1. ## Airy Function problem

The Airy function Ai(x) is one of the solutions to the differential equation y''-xy=0. I'm trying to figure out the (similar, corresponding) differential equation that has Ai(m*x+b) as a solution. I've tried several ways of performing the calculus and change of variables, and keep getting different answers.
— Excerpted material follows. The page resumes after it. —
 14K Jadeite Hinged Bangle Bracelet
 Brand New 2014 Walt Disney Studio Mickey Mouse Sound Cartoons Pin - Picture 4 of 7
This one looks the most correct, but I'm not sure why I'm getting other answers:

Let $\displaystyle u=mx+b$. Now, we know:
$\displaystyle \frac{d^2}{du^2}y=u\cdot{y}(u)$ (Airy's equation)
Now, via the chain rule, $\displaystyle \frac{dy}{dx}=\frac{dy}{du}\frac{du}{dx}=m\frac{dy }{du}$,and thus $\displaystyle \frac{d^2y}{dx^2}=m^2\frac{dy}{du}$
So
$\displaystyle \frac{d^2y}{dx^2}=m^2\frac{dy}{du}=m^2uy(u)=m^2(mx +b)y(mx+b)$
so Ai(m*x+b) would be the solution to $\displaystyle y''-m^2(mx+b)y=0$ by this arguement.
Does this make sense?

--Kevin C.

2. Originally Posted by TwistedOne151
The Airy function Ai(x) is one of the solutions to the differential equation y''-xy=0. I'm trying to figure out the (similar, corresponding) differential equation that has Ai(m*x+b) as a solution. I've tried several ways of performing the calculus and change of variables, and keep getting different answers. This one looks the most correct, but I'm not sure why I'm getting other answers:

Let $\displaystyle u=mx+b$. Now, we know:
$\displaystyle \frac{d^2}{du^2}y=u\cdot{y}(u)$ (Airy's equation)
Now, via the chain rule, $\displaystyle \frac{dy}{dx}=\frac{dy}{du}\frac{du}{dx}=m\frac{dy }{du}$,and thus $\displaystyle \frac{d^2y}{dx^2}=m^2\frac{dy}{du}$
So
$\displaystyle \frac{d^2y}{dx^2}=m^2\frac{dy}{du}=m^2uy(u)=m^2(mx +b)y(mx+b)$
so Ai(m*x+b) would be the solution to $\displaystyle y''-m^2(mx+b)y=0$ by this arguement.
Does this make sense?

--Kevin C.
I think it's easier to see when the DE is written as $\displaystyle \frac{1}{m^2} \frac{d^2 y}{d x^2} - (mx + b) y = 0$. It's immediately obvious that the substitution u = mx + b gives $\displaystyle \frac{d^2 y}{d u^2} - u y = 0$ .....